■ **Task prompt**
Beginning with the first line, please return the entries exactly through the line that contains "Front label of castor oil", and leave out all later lines.

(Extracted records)

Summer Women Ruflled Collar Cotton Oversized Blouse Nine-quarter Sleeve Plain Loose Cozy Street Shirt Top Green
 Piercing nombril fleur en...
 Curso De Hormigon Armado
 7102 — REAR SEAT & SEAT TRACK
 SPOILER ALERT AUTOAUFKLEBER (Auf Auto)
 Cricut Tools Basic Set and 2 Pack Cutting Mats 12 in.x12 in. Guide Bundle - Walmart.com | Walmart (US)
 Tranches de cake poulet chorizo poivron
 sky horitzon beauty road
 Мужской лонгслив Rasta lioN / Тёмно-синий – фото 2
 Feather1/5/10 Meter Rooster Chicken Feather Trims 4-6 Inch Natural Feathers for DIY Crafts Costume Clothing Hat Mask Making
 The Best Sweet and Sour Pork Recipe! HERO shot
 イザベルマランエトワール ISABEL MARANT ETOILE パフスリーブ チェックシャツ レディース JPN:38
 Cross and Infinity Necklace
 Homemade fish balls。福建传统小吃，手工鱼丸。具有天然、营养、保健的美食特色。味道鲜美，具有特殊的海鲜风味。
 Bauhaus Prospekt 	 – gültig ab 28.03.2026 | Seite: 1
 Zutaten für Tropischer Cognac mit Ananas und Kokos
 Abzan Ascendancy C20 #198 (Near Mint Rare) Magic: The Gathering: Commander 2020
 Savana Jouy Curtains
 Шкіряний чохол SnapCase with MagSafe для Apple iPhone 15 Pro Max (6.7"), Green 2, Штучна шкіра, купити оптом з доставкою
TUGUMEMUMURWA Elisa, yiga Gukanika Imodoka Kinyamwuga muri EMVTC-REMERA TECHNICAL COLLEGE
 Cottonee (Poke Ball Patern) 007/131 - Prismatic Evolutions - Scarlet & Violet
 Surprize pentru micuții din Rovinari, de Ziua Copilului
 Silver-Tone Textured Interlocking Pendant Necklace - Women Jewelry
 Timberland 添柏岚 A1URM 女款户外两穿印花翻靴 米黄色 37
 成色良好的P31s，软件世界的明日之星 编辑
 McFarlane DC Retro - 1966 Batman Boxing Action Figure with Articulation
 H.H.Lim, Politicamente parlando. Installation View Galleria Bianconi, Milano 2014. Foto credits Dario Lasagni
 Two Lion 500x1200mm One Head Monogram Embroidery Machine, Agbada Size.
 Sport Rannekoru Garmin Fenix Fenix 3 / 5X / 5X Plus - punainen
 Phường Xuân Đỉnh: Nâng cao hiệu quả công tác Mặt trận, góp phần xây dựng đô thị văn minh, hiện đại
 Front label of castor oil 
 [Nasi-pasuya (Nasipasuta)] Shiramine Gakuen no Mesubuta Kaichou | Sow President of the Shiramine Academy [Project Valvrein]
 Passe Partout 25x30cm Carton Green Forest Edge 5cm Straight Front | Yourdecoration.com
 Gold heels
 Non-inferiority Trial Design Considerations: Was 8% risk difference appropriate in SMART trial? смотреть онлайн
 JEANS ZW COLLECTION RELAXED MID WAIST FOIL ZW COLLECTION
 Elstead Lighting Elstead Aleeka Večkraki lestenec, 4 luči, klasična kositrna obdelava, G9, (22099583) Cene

■ **Response below**
Summer Women Ruflled Collar Cotton Oversized Blouse Nine-quarter Sleeve Plain Loose Cozy Street Shirt Top Green
 Piercing nombril fleur en...
 Curso De Hormigon Armado
 7102 — REAR SEAT & SEAT TRACK
 SPOILER ALERT AUTOAUFKLEBER (Auf Auto)
 Cricut Tools Basic Set and 2 Pack Cutting Mats 12 in.x12 in. Guide Bundle - Walmart.com | Walmart (US)
 Tranches de cake poulet chorizo poivron
 sky horitzon beauty road
 Мужской лонгслив Rasta lioN / Тёмно-синий – фото 2
 Feather1/5/10 Meter Rooster Chicken Feather Trims 4-6 Inch Natural Feathers for DIY Crafts Costume Clothing Hat Mask Making
 The Best Sweet and Sour Pork Recipe! HERO shot
 イザベルマランエトワール ISABEL MARANT ETOILE パフスリーブ チェックシャツ レディース JPN:38
 Cross and Infinity Necklace
 Homemade fish balls。福建传统小吃，手工鱼丸。具有天然、营养、保健的美食特色。味道鲜美，具有特殊的海鲜风味。
 Bauhaus Prospekt 	 – gültig ab 28.03.2026 | Seite: 1
 Zutaten für Tropischer Cognac mit Ananas und Kokos
 Abzan Ascendancy C20 #198 (Near Mint Rare) Magic: The Gathering: Commander 2020
 Savana Jouy Curtains
 Шкіряний чохол SnapCase with MagSafe для Apple iPhone 15 Pro Max (6.7"), Green 2, Штучна шкіра, купити оптом з доставкою
TUGUMEMUMURWA Elisa, yiga Gukanika Imodoka Kinyamwuga muri EMVTC-REMERA TECHNICAL COLLEGE
 Cottonee (Poke Ball Patern) 007/131 - Prismatic Evolutions - Scarlet & Violet
 Surprize pentru micuții din Rovinari, de Ziua Copilului
 Silver-Tone Textured Interlocking Pendant Necklace - Women Jewelry
 Timberland 添柏岚 A1URM 女款户外两穿印花翻靴 米黄色 37
 成色良好的P31s，软件世界的明日之星 编辑
 McFarlane DC Retro - 1966 Batman Boxing Action Figure with Articulation
 H.H.Lim, Politicamente parlando. Installation View Galleria Bianconi, Milano 2014. Foto credits Dario Lasagni
 Two Lion 500x1200mm One Head Monogram Embroidery Machine, Agbada Size.
 Sport Rannekoru Garmin Fenix Fenix 3 / 5X / 5X Plus - punainen
 Phường Xuân Đỉnh: Nâng cao hiệu quả công tác Mặt trận, góp phần xây dựng đô thị văn minh, hiện đại
 Front label of castor oil 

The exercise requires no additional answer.